If Hazare’s diagnosis of the problem of corruption is un-Gandhian, so is his prescription of a Leviathan-like Lokpal, which is based on the concept of “Ombudsman” in Western democracies. While Gandhi would probably not worry about the monitoring of elected representatives by a “Lokpal,” he would surely raise questions, if not oppose, the creation of another colossal and centralized institution of the state, over which ordinary citizens appear to have little control. The nine-member Lokpal bench, proposed by Hazare’s Jan Lokpal bill, will comprise former judges, retired bureaucrats and other “persons of eminence in public life,” thus ceding enormous powers to “experts’ cut off from the grassroots.

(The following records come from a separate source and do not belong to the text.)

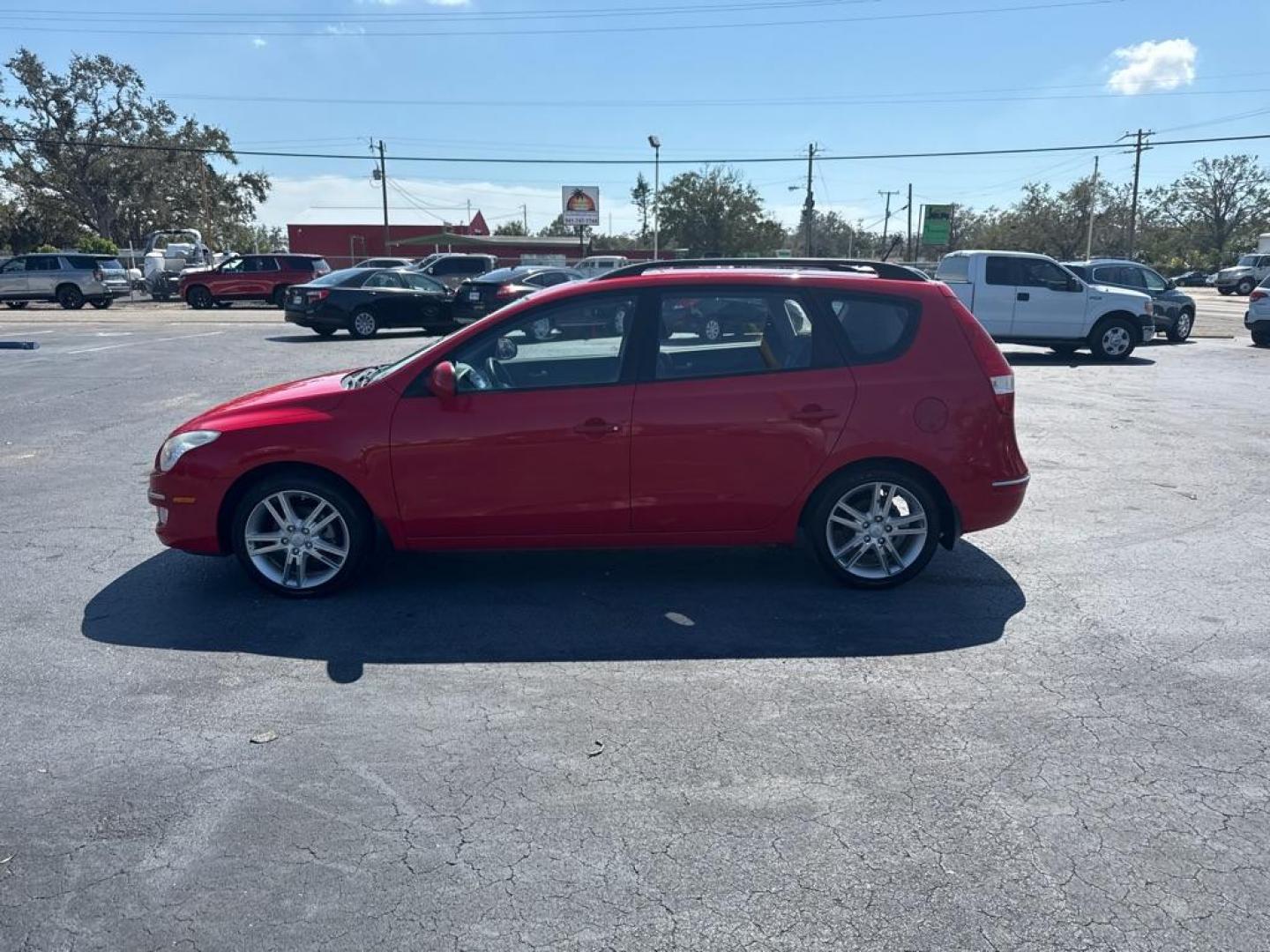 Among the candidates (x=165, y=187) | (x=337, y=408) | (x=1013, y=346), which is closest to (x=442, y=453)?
(x=337, y=408)

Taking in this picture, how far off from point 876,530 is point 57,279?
34584mm

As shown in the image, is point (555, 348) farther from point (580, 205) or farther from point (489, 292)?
point (580, 205)

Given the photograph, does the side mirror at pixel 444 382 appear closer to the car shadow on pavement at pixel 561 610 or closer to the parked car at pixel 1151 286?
the car shadow on pavement at pixel 561 610

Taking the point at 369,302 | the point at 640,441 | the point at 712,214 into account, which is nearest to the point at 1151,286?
the point at 369,302

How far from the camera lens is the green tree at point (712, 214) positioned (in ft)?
237

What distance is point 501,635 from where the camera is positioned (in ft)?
15.9

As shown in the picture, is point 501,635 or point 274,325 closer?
point 501,635

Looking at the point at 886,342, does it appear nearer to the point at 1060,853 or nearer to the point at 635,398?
the point at 635,398

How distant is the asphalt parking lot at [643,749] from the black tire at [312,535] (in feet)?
0.56

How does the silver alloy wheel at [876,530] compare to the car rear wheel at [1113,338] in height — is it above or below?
below

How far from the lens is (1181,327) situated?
21359 millimetres

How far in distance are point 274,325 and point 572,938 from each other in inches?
981

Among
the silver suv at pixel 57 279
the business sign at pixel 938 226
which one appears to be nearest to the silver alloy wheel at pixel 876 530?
the silver suv at pixel 57 279

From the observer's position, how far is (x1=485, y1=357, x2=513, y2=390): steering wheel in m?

Despite apparent differences, however, the government and Hazare have the same technocratic approach to reducing corruption, centred on correcting individual behaviour alone. The immediate reason for Hazare’s hunger strike and the events of the last two weeks in August was a bitter dispute between the government and Team Anna over which version of the Lokpal Bill the parliament should accept for discussion.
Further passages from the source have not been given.